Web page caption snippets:
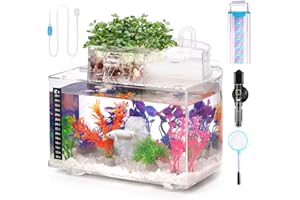 OLTRAMAN Betta Fish Tank Kit, 2.5 Gallon Aquarium Self-Cleaning with LED Light, Filter, Heater, Decorations and Accessories - Ideal for Hydroponic Growing System and Aquaponics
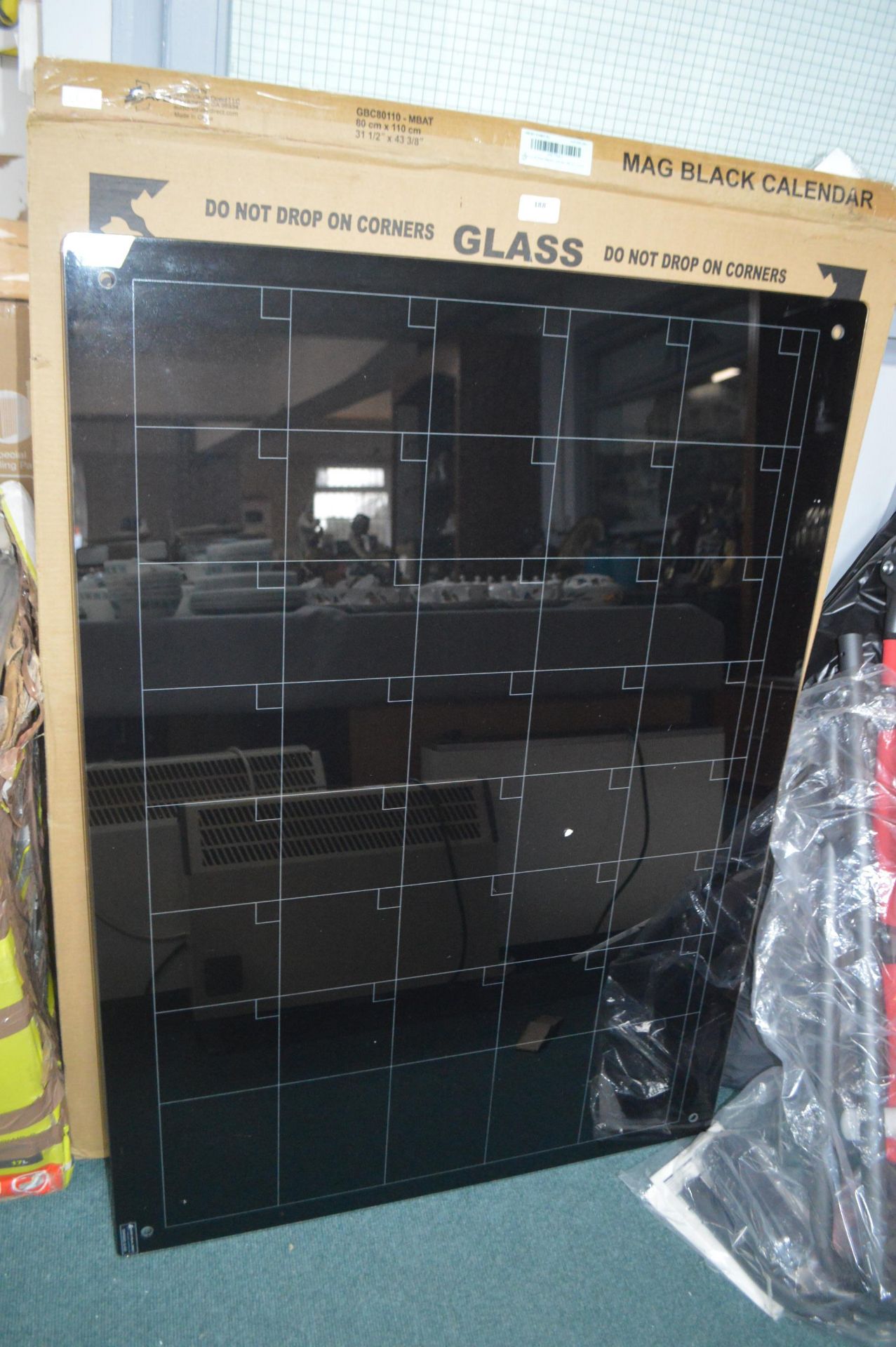 Magnetic Black Glass Dry Erase Calendar 80x110cm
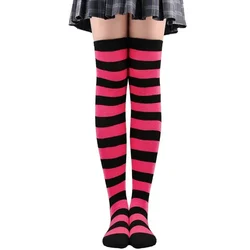 Calze a righe donna blu coscia alta donna ragazza nero bianco rosa calze lunghe sopra il ginocchio Cosplay Lolita Harajuku Y2k 2024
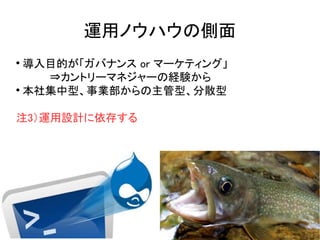 運用ノウハウの側面

導入目的が「ガバナンス or マーケティング」
　　　　⇒カントリーマネジャーの経験から

本社集中型、事業部からの主管型、分散型
注3）運用設計に依存する
 
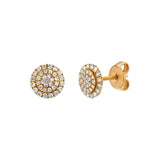 Pave Diamond Stud Earrings yellow gold 18K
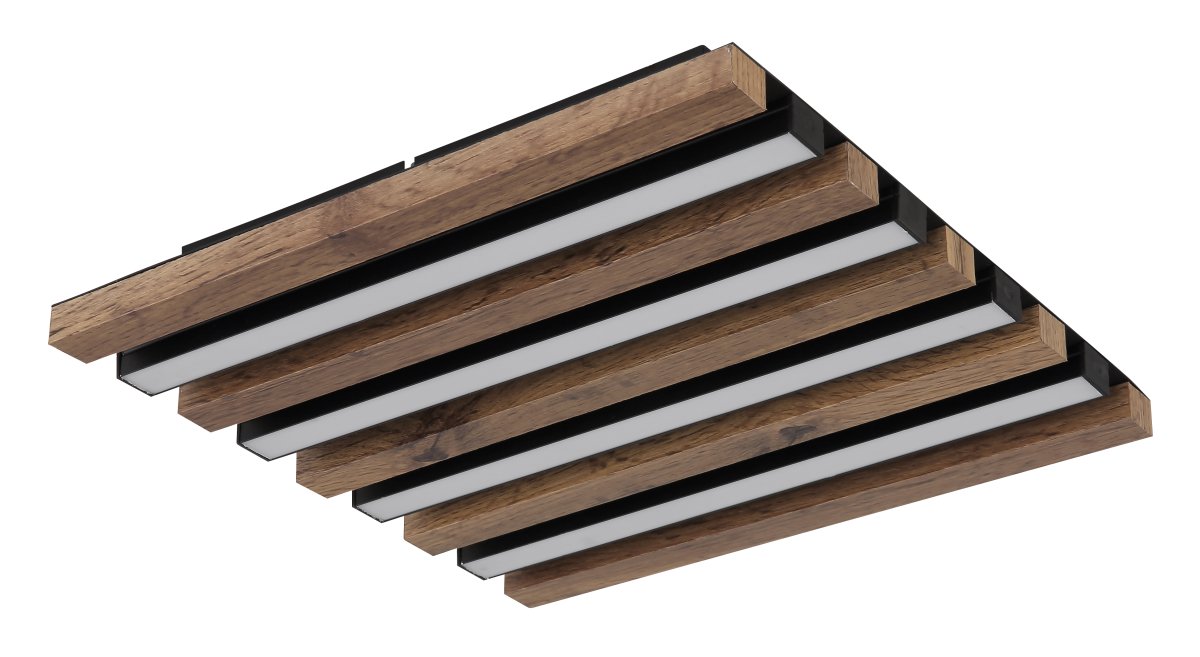 Hayden 30cm Træ plafond Fra Globo Lighting - Den kvadratiska plafonden Hayden &ouml;vertalar med sin moderna akustikpanel-look och bidrar med en h&auml;rlig ljusspridning i rummet.
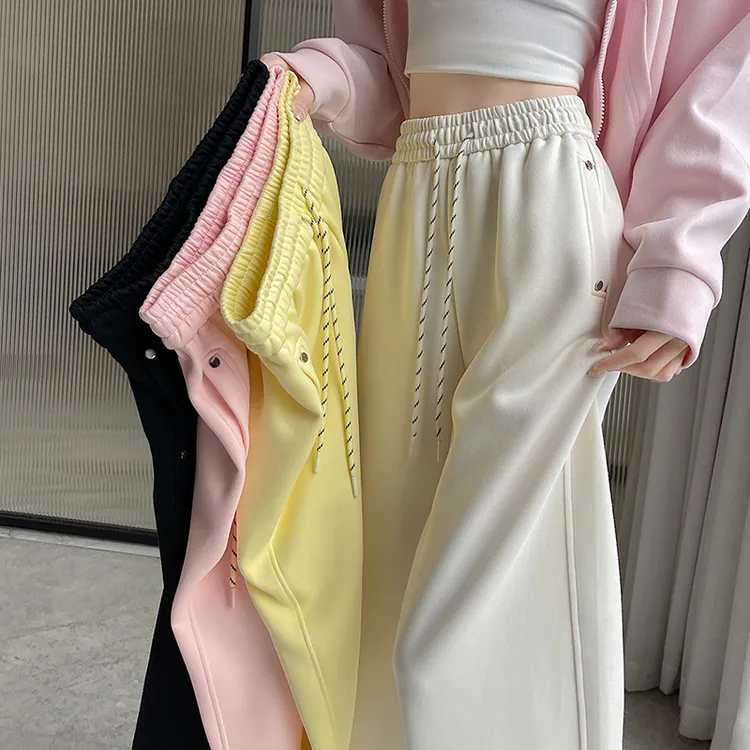 阔腿裤女2025秋季新款铆钉高腰垂感直筒休闲软糯垂感显瘦拖地裤子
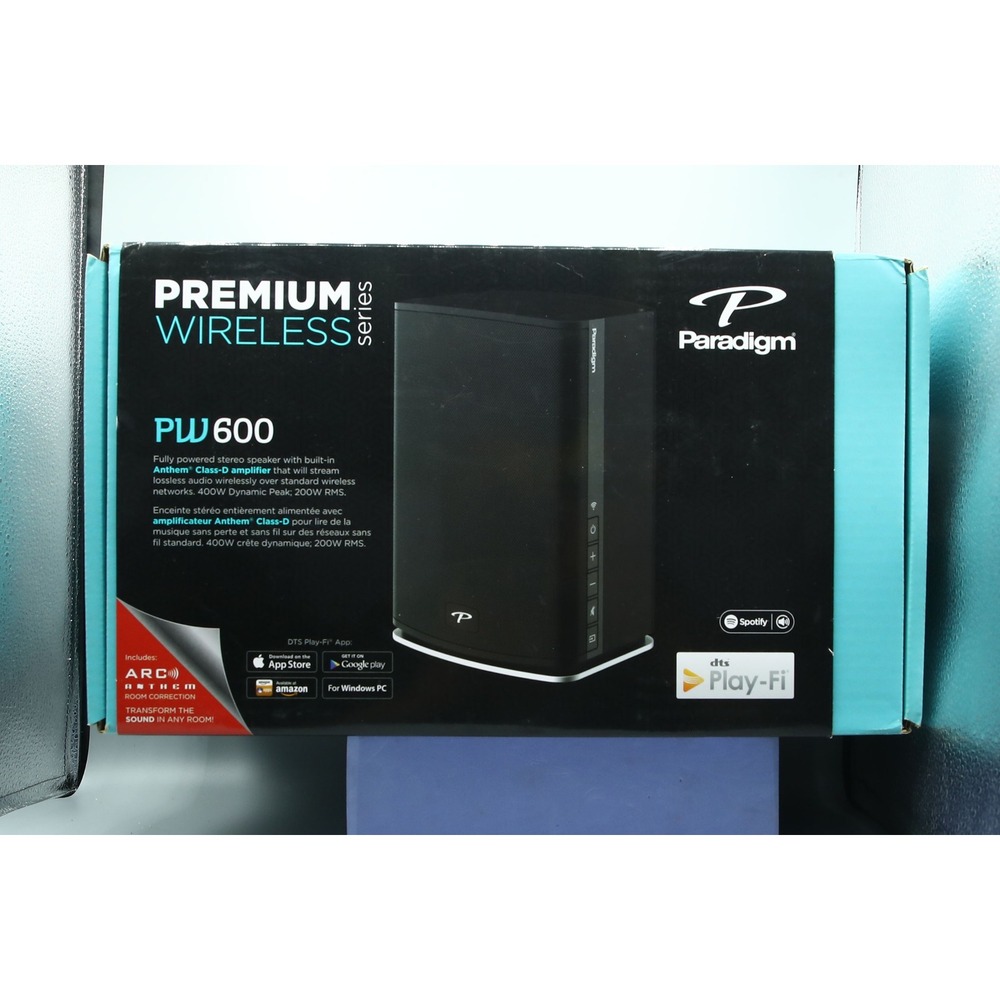 Paradigm PW 600 Premium Wireless Speaker White Anthem Class-D Amp DTS Play-Fi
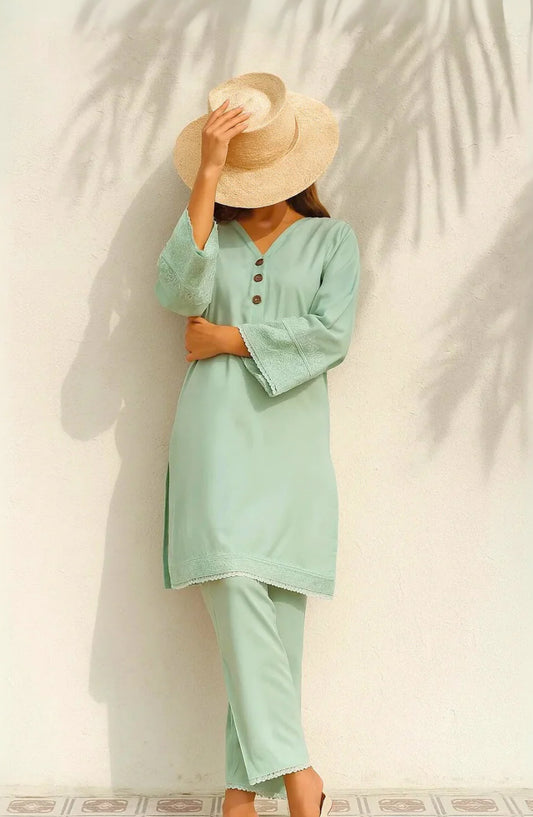 Noor-e-Rang by Ayla Embroidered Lawn Stitched 2 Piece Suit - SABZ-SITARA - AY25NRG - Green - Summer Collection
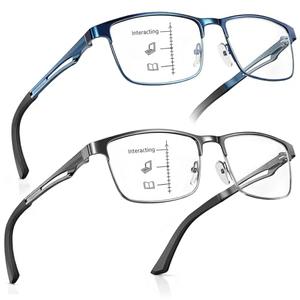 SKYFUEN Progressive Multifocus Reading Glasses for Men Metal Frame No-Line Anti-Blue Light Computer Readers with Spring Hinges, 1.75x
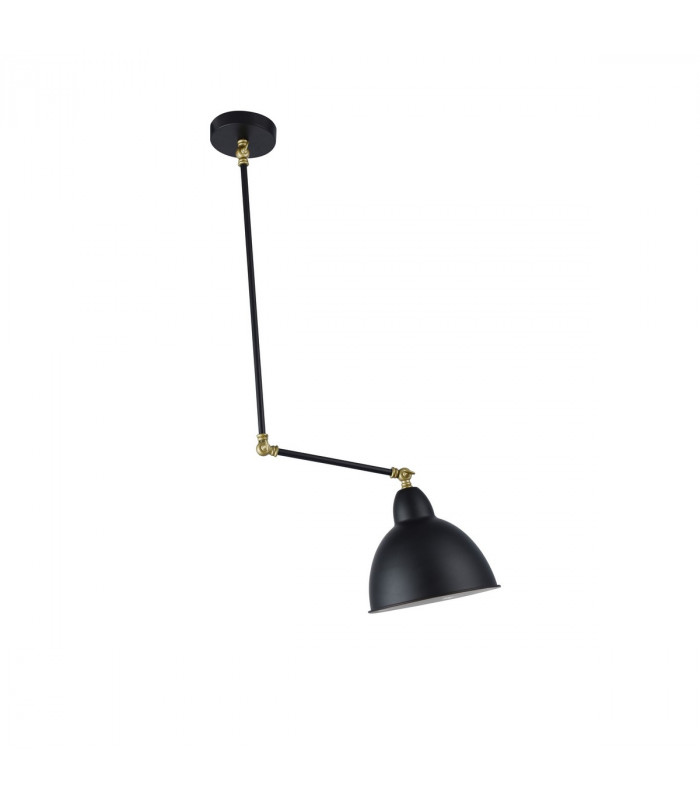 Virgo Dome Pendant Ceiling Light Black Brass Metal LED E27-1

Try it: Beginning at the line with "阔腿裤女2025秋季新款铆钉高腰垂感直筒休闲软糯垂感显瘦拖地裤子", reproduce each line exactly through the last line of the records above, with pictures left out.

Answer below:
 阔腿裤女2025秋季新款铆钉高腰垂感直筒休闲软糯垂感显瘦拖地裤子
 Paradigm PW 600 Premium Wireless Speaker White Anthem Class-D Amp DTS Play-Fi
 Noor-e-Rang by Ayla Embroidered Lawn Stitched 2 Piece Suit - SABZ-SITARA - AY25NRG - Green - Summer Collection
 SKYFUEN Progressive Multifocus Reading Glasses for Men Metal Frame No-Line Anti-Blue Light Computer Readers with Spring Hinges, 1.75x
 Virgo Dome Pendant Ceiling Light Black Brass Metal LED E27-1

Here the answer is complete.